Single Responsibility Principle, Separation of Concerns and Functional Cohesion. If you read up on these concepts, the answer you get is: Separate them.

A simple reason to separate the Student from the "DB" class (or StudentRepository, to follow more popular conventions) is to allow you to change your "business rules", present in the Student class, without affecting code that is responsible for persistence, and vice-versa.

This kind of separation is very important, not only between business rules and persistence, but between the many concerns of your system, to allow you to make changes with minimal impact in unrelated modules (minimal because sometimes it is unavoidable).

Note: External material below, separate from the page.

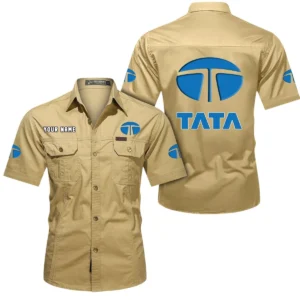 Tata Short Sleeved Shirt, All Over Print Button Shirt CAR444052625927 - Khaki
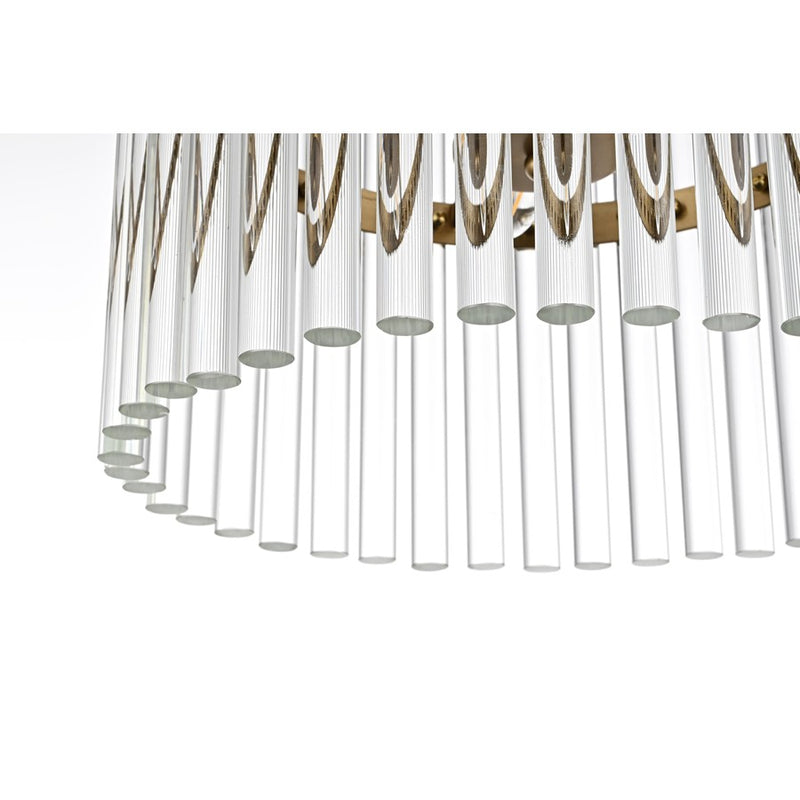 Living District Paulina 3 Light 16" Chandelier, Satin Gold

It helps to build more robust systems, that are easier to maintain and are more reliable when there are constant changes.

By having business rules and persistence mixed together, either a single class as in your first example, or with DB as a dependency of Student, you're coupling two very different concerns. It may look like they belong together; they seem to be cohesive because they use the same data. But here's the thing: cohesion cannot be measured solely by the data that is shared among procedures, you must also consider the level of abstraction at which they exist. In fact, the ideal type of cohesion is described as:

Functional cohesion is when parts of a module are grouped because they all contribute to a single well-defined task of the module.

And clearly, performing validations about a Student while also persisting it do not form "a single well-defined task". So again, business rules and persistence mechanisms are two very different aspects of the system, which by many principles of good object oriented design, should be kept separate.

I recommend reading about Clean Architecture, watching this talks about Single Responsibility Principle (where a very similar example is used), and watching this talk about Clean Architecture as well. These concepts outline the reasons behind such separations.

12
  • 13
    Ah, but the Student class should be properly encapsulated, yes? How can then an external class manage persistence of private state? Encapsulation has to be balanced against SoC and SRP, but simply choosing either over the other without carefully weighing the tradeoffs is probably wrong. A possible solution to this conundrum is using package-private accessors for the persistence code to use.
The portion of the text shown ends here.